Paris, Je T'Aime
For this portmanteau work, 21 directors from around the world have contributed five-minute shorts, which are set in 18 of Paris’ administrative districts. The project was intended as a cinematic valentine to the French capital, with the theme of love linking the various segments. There’s an array of styles and moods on display, and a cosmopolitan line-up of acting talent, including Juliette Binoche, Steve Buscemi, Ben Gazzara, Maggie Gyllnehaaal, Emily Mortimer, Nick Nolte, Natalie Portman, Gena Rowlands and Ludivine Sagnier. Yet, as so often with omnibus films, the results are very hit-and-miss, and along with the seemingly arbitrary running order, the brevity of each film makes it harder to savour the more compelling sections.
On a positive note Brazilian filmmakers Walter Salles and Daniela Thomas contribute a poignant account of an immigrant mother in a poor suburb who leaves her own baby each day to work as a nanny in a more affluent district.
South African writer/director Oliver Schmitz shows, with a deft use of flashbacks, the fate of a Nigerian musician after he is stabbed. Cassavetes fans will relish Rowlands and Gazzara paired as a couple discussing their divorce in a film directed by the former. The Coen brothers deliver a blackly entertaining tale of a tourist (Buscemi), who makes eye contact with the wrong people on the Metro.

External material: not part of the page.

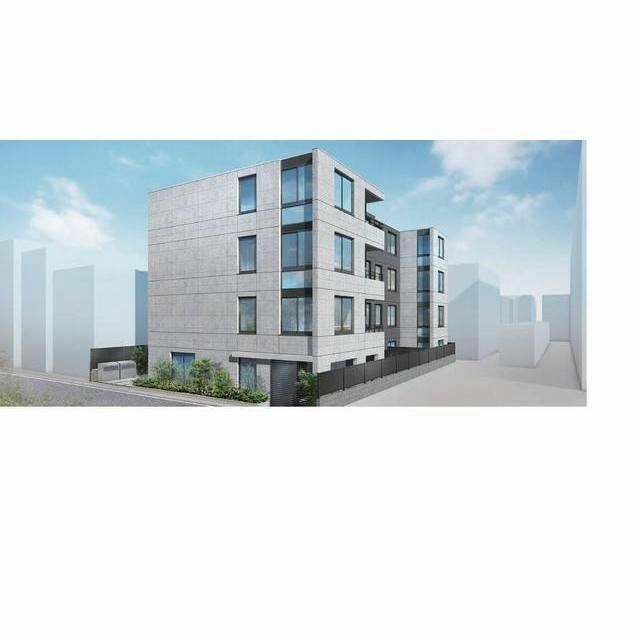 アットホーム 用賀駅の庭付き賃貸物件一覧 東京都 賃貸マンション アパート 貸家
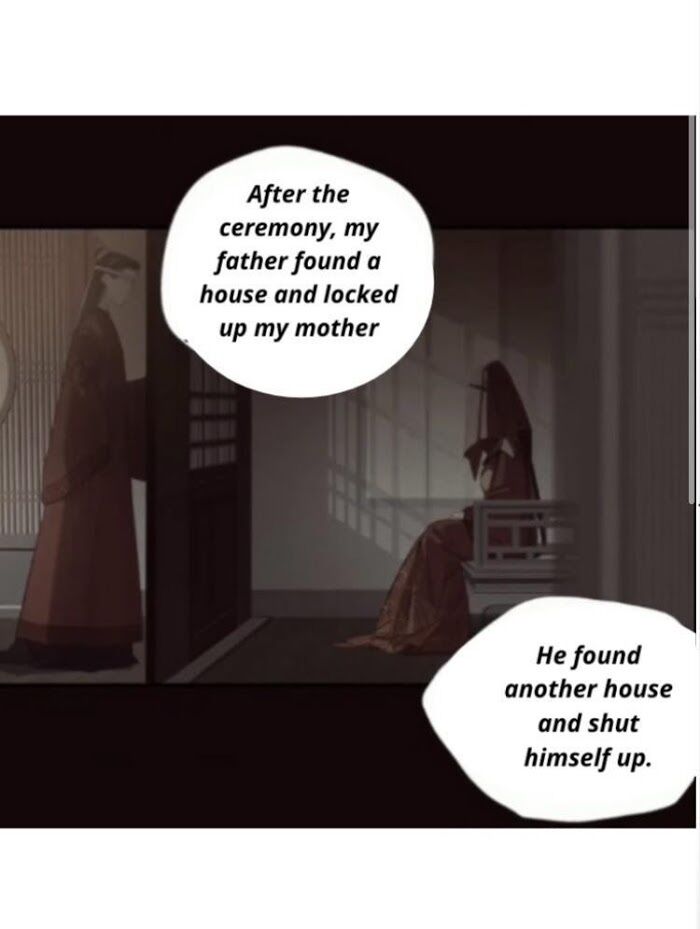 The Grandmaster of Demonic Cultivation chapter 176 page 13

Disappointments include a tedious riff on vampires (Vincenzo Natali), a cloying yarn about mime-artists (Sylvain Chomet), and Nobuhiro Suwa’s overblown foray into the imagination of grieving mother. Still, there is the pleasure of Alexander Payne’s final contribution, which compassionately details the epiphany of a middle-aged US postal worker on a visit to Paris.